Did anyone ever begrudge the Kennedy clan their wealth, even though it was gotten by a large extent through illegal activity (bootlegging)? Did anyone question their investments? Do you really think they did not have offshore bank accounts? Get real. Mitt Romney earned his money and can spend it any way he wants to. There is nothing unusual about a person being frugal in some areas and willing to spend more on other things. There aren’t too many people who wouldn’t like to be wealthy – just look at the number of folks who play the lottery. It’s part of the American dream & should not in any way disqualify a person or cause people to question the values of someone who is rich.
mitt romney made his millions with bain capital…on the backs of millions of working americans, by out-sourcing their jobs. i’ll take the bootleggers any day.
Guess you must really be pissed off that Obama has also outsourced jobs.

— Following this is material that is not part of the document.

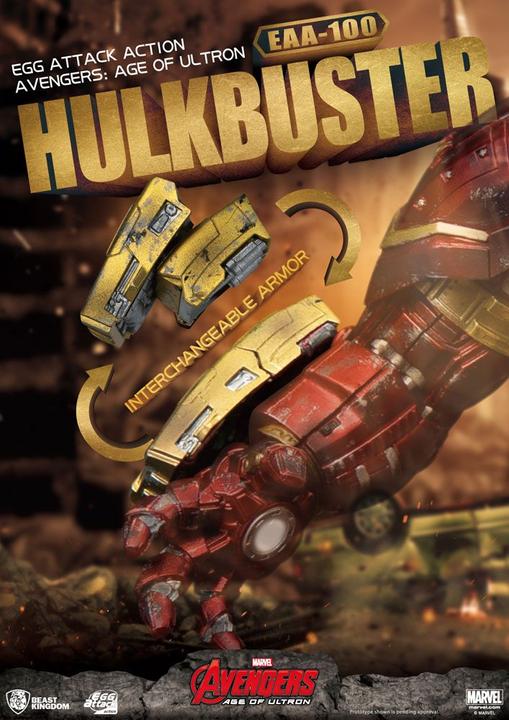 Actual product image Beast Kingdom Avengers - Age of Ultron "Hulkbuster" Egg Attack Figure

Stupid is as stupid does, and that is what the liberal followers are. They have no idea of the business acumen of this man Romney and the fact that he has worked to be independently wealthy, unlike the career politicians Joe Biden and Al Gore who gave a pittance of their acquired while in the Congress wealth to charity. Mitt Romney gave over $4.5 million in 2011 alone. Common sense has left most Americans and those in Ohio who were the recipients of Obama’s 1 million phone giveaway see this as a sure vote for him.
And blind arrogance is no excuse for believing someone will be a successful politician just because they’re successful in business. To many who stand on the far right conflate these two occupations that are in diametric opposition. The politician serves others over the interest of the dollar, and on the other hand the CEO serves the financial interests of the business or it’s board of directors. Apparently being extremely Right doesn’t make you any smahter than those that you consider beneath your self inflated self. If Romney possesses such outstanding business acumen, why then is his campaign such a complete disaster?
ROMNEY / RYAN 2012 !!!!!
At least he’s a life-long Yankee hater. That’s about the only thing about him I can agree with.
LOL …. that evil empire. What about the height of trees in Michigan? I kind of agree with him on that point, though I prefer the height of the trees in Maine.
Biased and left leaning, Ann Gerhart, Philip Rucker, The Washington Post and BDN Struggles to make sense of the last four years.
And the eight miserable years before that …… best to use a weegie board for answers.
It’s a sad day when Americans show contempt instead of admiration for those who have been successful. It is a sadder day when they vote to punish that success rather than voting for who would help revive our economy and create jobs.